そんな声と一緒に木の上からサメラが下りてきた。白の衣を纏いゆとりをもったハーレムパンツと同じ色した上着とペールを持って立っている。ペールを持ちながら、さてともうすぐ落ちるな。と太陽の方を見た。山間に消えゆく太陽は終わり行く生命のような輝きに似てそれにつられるようにまた光が増えた気がした。

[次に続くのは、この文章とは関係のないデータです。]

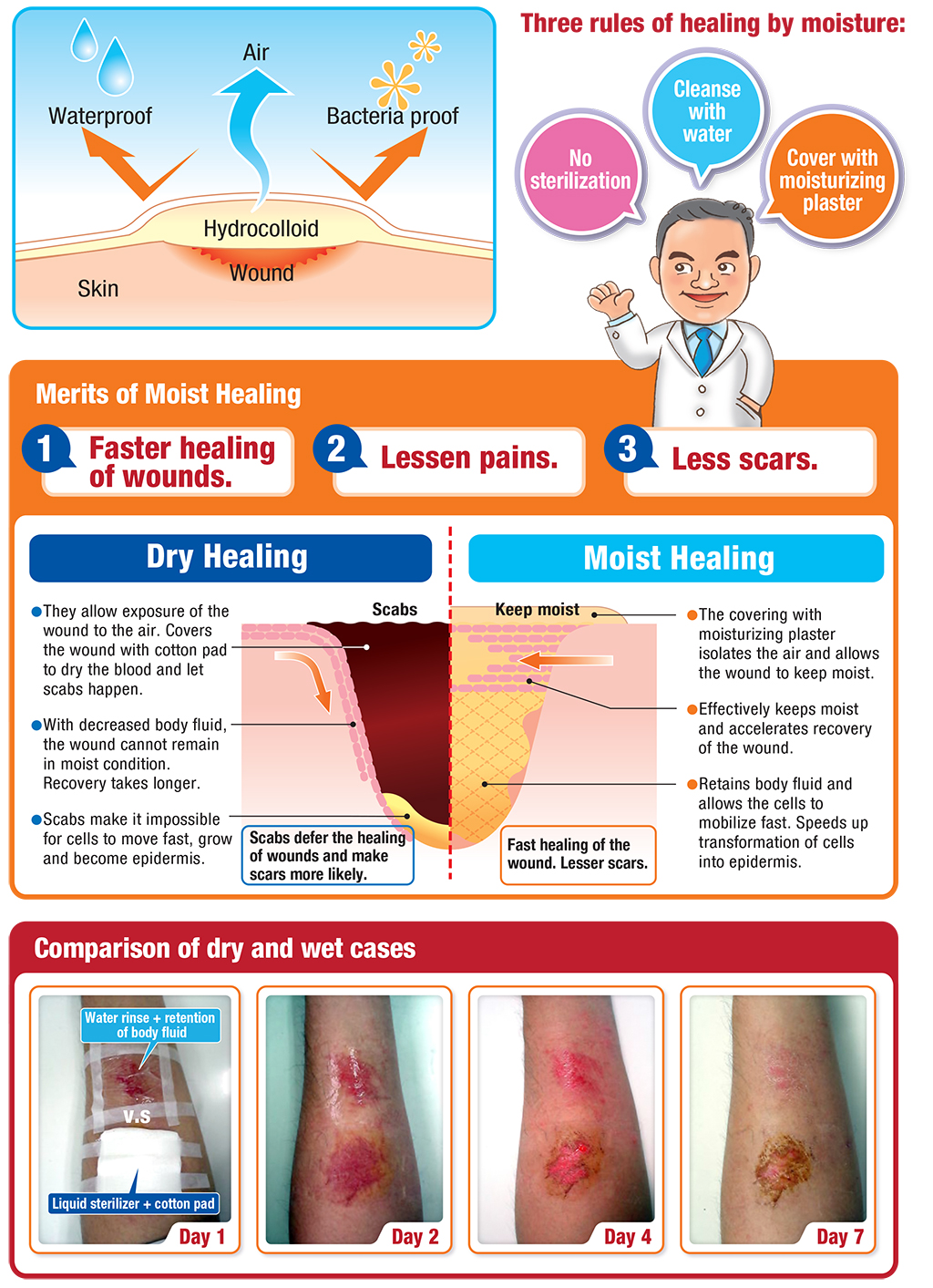 TRIDA IGIBAN Hydrocolloid Dressings vs Traditional Dressings A Revolutionary Comparison (EN)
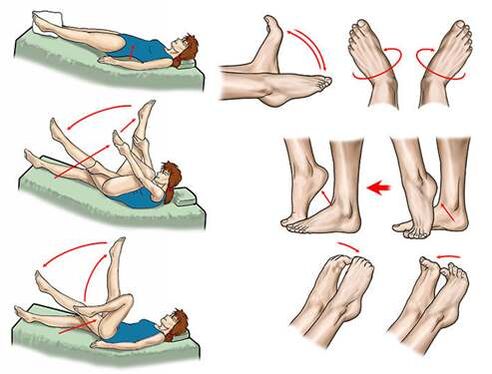 metody léčby křečových žil pánve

「逢魔が時。なんていうからな。プロムお前笛や歌はできるか?」
「歌ならなんとか。ミシディアの口伝の歌ならば」
「じゃあ歌はそれでいこう。プロム、歌ってくれないか?」

会ったことのない人たちだろうけれど、世界中にいた異端の集まりだ。ミシディアの血を持った奴もいるだろうし、な?とサメラはプロムに問いかけると大きくうなずいた。サメラは灯していた火を消して、ペールを揺らす。白い布は意思を持ったかのように震え揺れた。サメラの動かす布に命が宿ったような錯覚を覚えた。意思持たぬその布はゆらりはためき、サメラの手を発とうとしている。

「そろそろくれるぞ。プロム、好きなのを歌え」

サメラの言葉の通りにプロムはミシディアの宴で歌われるそれを口ずさんだ。宴の間ひたすら掻き鳴らされるものなので、ミシディアの民ならば誰でも歌える歌だった。プロムが歌えばサメラは歌に合わせてペールをはためかせて舞う。
リン。静かに厳かに鈴の音が鳴った。ひどく小さな音だったにも関わらず、一瞬にして世界が厳かな空気に塗り替えられた。
どうしよう、と一瞬思考が止まるのを見られてかサメラがプロムを呼ぶ。そちらを向くと、はやくと優しく背中を押したように感じた。
プロムは小さく頷くとその唇で喜びの歌を紡ぎ出した。
プロムが歌うと同時にサメラがゆっくりと動いた。ゆるく震えて、命を得たかのように動くペールに光は集まって嬉しそうに回りを回る。歌のリズムに合わせてサメラの唇も小さく動いたのに気がついた。
歌が終盤になるにつれて、どこからか光がひとつふたつと増えてきてあと一息で終わると言うところで、増えてきた光は雷鳴のようにまばゆく大きな光を放った。
夜に程近い時間帯で、目は暗闇に慣れていこうとしていたところだったのに、夜闇を割くように放たれた光によって視界は白に染まる。まばゆく光ったあとにはひんやりとした夜と草がさやさや笑う音しか残らなかった。

「送れた。だろうか…」

消えるぐらいの声色は確かにプロムの耳にも届いた。回りを見ても光もない。彼らは行ってしまったのだ。とプロムは考えた。ふとサメラを見ると遠く沈んだ太陽の方向を見て、小さく唇が動いたのは見えた。

「サメラさん、なにか仰いましたか?」
「飛翔の時、きたれり。求めよ、さらば与えられん。尋ねよさらば見出されん。門を叩け、さらば開かれん。すべて求めるのは得たずねぬる者は見出だし、門を叩く者は平かるる。」

なんですか?とプロムが問えば、よくわからないしきたりさ。とサメラはただ昼の終わる方向を見つめたまま答えた。そして、まぁ気休めなのかもな。私たちの。と付け足して、薄くせせら笑った。